The most important problems in economics involve:

  1. Monetary Sovereignty describes money creation and destruction.
  2. Gap Psychology describes the common desire to distance oneself from those “below” in any socio-economic ranking, and to come nearer those “above.” The socio-economic distance is referred to as “The Gap.”

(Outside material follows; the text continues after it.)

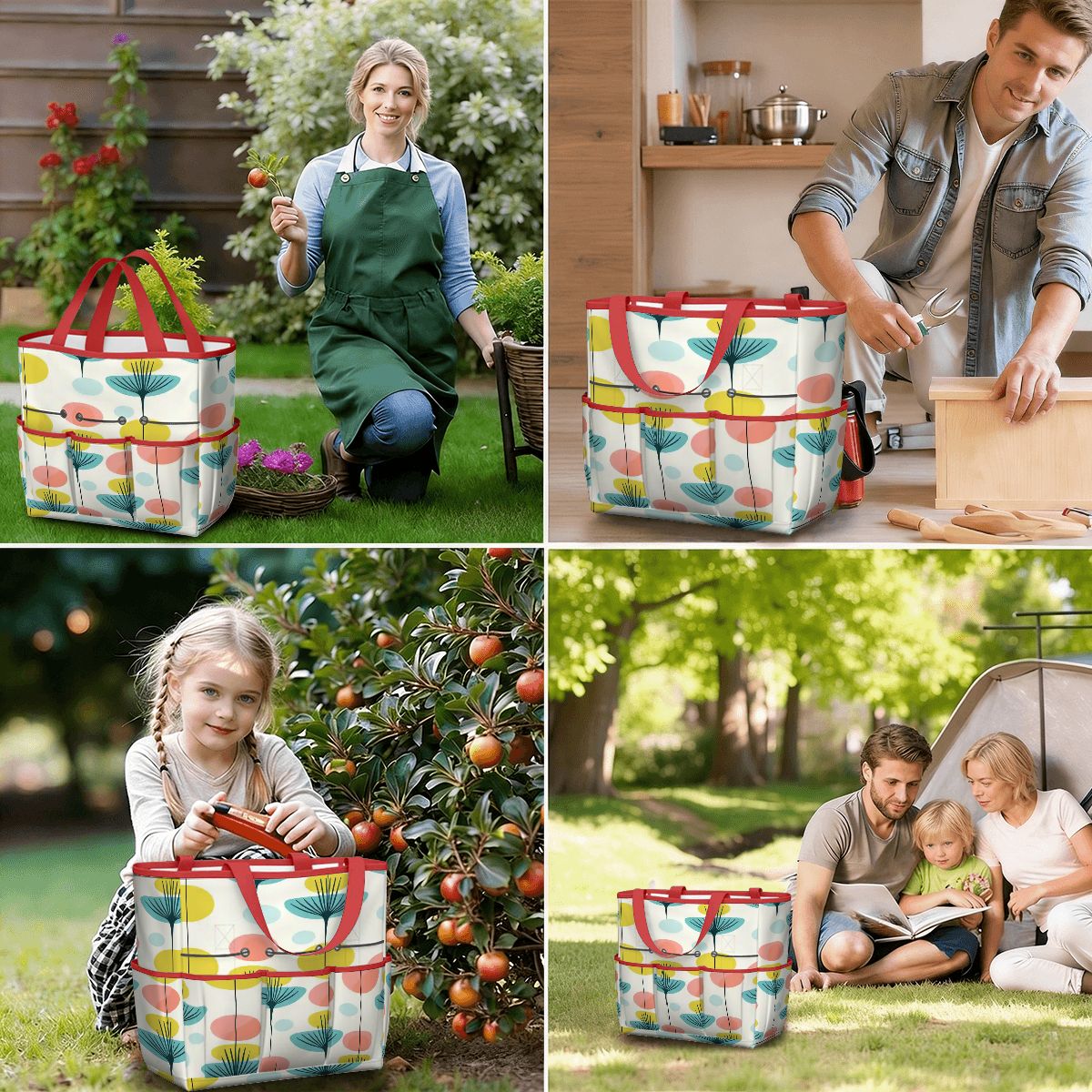 Kate McEnroe New York Scandinavian Modern Abstract Floral Mid Century Garden Tool BagGarden Tool BageOUO4un0lx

Wide Gaps negatively affect poverty, health and longevity, education, housing, law and crime, war, leadership, ownership, bigotry, supply and demand, taxation, GDP, international relations, scientific advancement, the environment, human motivation and well-being, and virtually every other issue in economics. Implementation of Monetary Sovereignty and The Ten Steps To Prosperity can grow the economy and narrow the Gaps:

Ten Steps To Prosperity:

  1. Eliminate FICA
  2. Federally funded Medicare — parts A, B & D, plus long-term care — for everyone
  3. Social Security for all
  4. Free education (including post-grad) for everyone
  5. Salary for attending school
  6. Eliminate federal taxes on business
  7. Increase the standard income tax deduction, annually. 
  8. Tax the very rich (the “.1%”) more, with higher progressive tax rates on all forms of income.
  9. Federal ownership of all banks
  10. Increase federal spending on the myriad initiatives that benefit America’s 99.9% 

The Ten Steps will grow the economy and narrow the income/wealth/power Gap between the rich and the rest.